> _TASK PROMPT_: Exact copy, pictures excluded: write out every line below.

◇ ◇ ◇ ◇ ◇

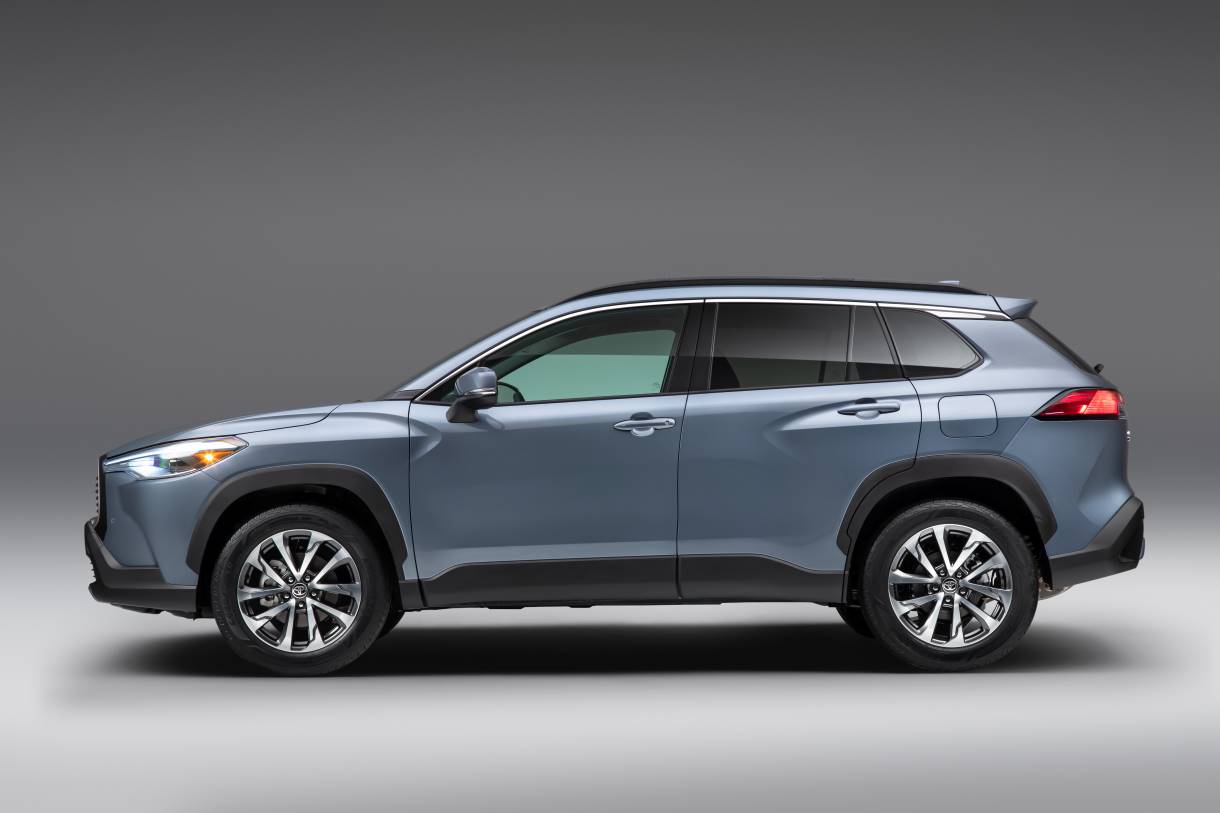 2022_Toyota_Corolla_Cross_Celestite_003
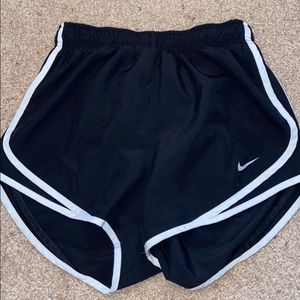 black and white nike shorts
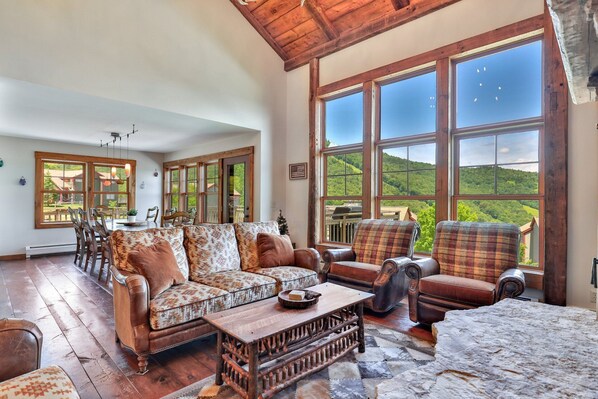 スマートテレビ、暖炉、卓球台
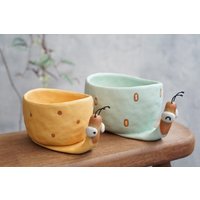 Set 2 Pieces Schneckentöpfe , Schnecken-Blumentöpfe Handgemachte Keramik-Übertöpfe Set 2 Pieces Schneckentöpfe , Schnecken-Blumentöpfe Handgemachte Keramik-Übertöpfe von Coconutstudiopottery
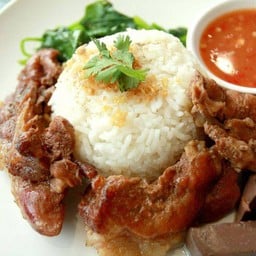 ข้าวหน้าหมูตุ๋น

◇ ◇ ◇ ◇ ◇

> _ANSWER BELOW_:
 2022_Toyota_Corolla_Cross_Celestite_003
 black and white nike shorts
 スマートテレビ、暖炉、卓球台
 Set 2 Pieces Schneckentöpfe , Schnecken-Blumentöpfe Handgemachte Keramik-Übertöpfe Set 2 Pieces Schneckentöpfe , Schnecken-Blumentöpfe Handgemachte Keramik-Übertöpfe von Coconutstudiopottery
 ข้าวหน้าหมูตุ๋น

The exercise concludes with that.